While investors throughout Reddit, Instagram, or even Twitter always claim to have the “next big trade,” the question in mind should always be “how’d they figure this out?” And more times than not, it’s as simple as doing a tiny bit of fundamental analysis. At Equities Lab, we’re BUILT on fundamental analysis and hope to share some of our favorite indicators.

What’s Fundamental Analysis?

Put simply, fundamental analysis is a method of evaluating the value of a stock by checking up on a few factors (economic or financial) that would be related to the stock. The goal that we have going into fundamental analysis is to see if the current price of the stock is of fair value. Remember, we might also find that the stock is overvalued or undervalued.

To conduct the review of the stock, an investor would look at both the quantitative and qualitative factors that might affect the price. Some key components might include:

Fundamental analysis is a method of evaluating the intrinsic value of a security, such as a stock, bond, or commodity, by analyzing various financial and economic factors related to the underlying asset. The primary goal of fundamental analysis is to assess whether the current market price of the asset is overvalued, undervalued, or fairly valued.

This analysis involves examining both quantitative and qualitative factors that can impact the asset’s value. Some of the key components considered in fundamental analysis include:

  1. Earnings Per Share (EPS):
    The earnings per share of a stock indicates how profitable a company is. It’s calculated by dividing the company’s NET earnings by the number of outstanding shares. Investors use this specific metric in order to understand how much profit is generated by a single share of the stock.

    Using our common lemonade stand, we can draw a real-life example. Let’s suppose that the lemonade stand generated $10,000.00 USD and since it’s such a big hit, it went public, and has 5,000 outstanding shares. Using those numbers, the EPS would be $2 ($10,000/$5,000).

    When using EPS as a driving force in your financial decisions, we warn you to be weary of stock buybacks, dilutions of the stock, or other factors that might play a role in limiting the company’s performance.
  2. Price-to-Earnings Ration (P/E):
    For this, you can definitely reference our P/E blog HERE. Or, you can hear me out… This ratio is the comparison between a company’s current stock price and the earnings per share (discussed above).
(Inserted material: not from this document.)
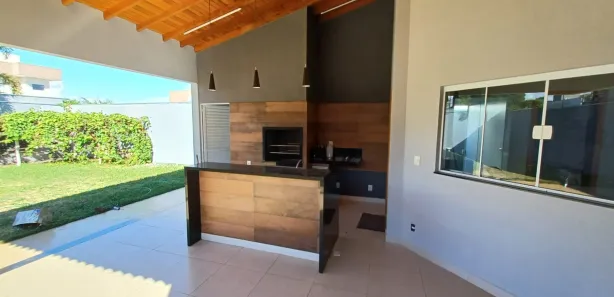 Casa de Condomínio com 3 Quartos à venda, 198m² no Solar Primavera, Piratininga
It shows a potential investor how much other investors are willing to pay for each dollar of earnings reported.

    If our lemonade stand has it’s shared trading at $50 per share, and it’s EPS is $2, we know the P/E ratio would be equal to 25x ($50/$2).

    When using P/E to make your next investment decision, be on the lookout for some indications. A high P/E may show that the stock is overvalued or it has a high growth expectation. A low P/E can show that the stock is undervalued or has a very low growth expectation.
  3. Dividend Yield:
    A dividend yield is a ratio measuring the annual dividend income a company pays out to its shareholders relative to the current stock price.

    The lemonade stand pays $2 per share annually on its dividends, and its stock is priced at $50 per share. The dividend yield would be calculated as 4% ($2/$50 * 100).

    While dividend yield can be a golden opportunity to long-term investors, it’s important to make sure the company in question can sustain the dividend payments long-term (which is usually driven by the growth expectation).
  4. Book Value:
    Assets are something we all strive for, even company’s that are on the public trading boards. What proves this is the book value of a stock which is the NET asset value of a company. It’s usually calculated by subtracting liabilities from the total assets. When used, investors are usually looking for the company’s equity if all the assets were sold with all liabilities being paid off.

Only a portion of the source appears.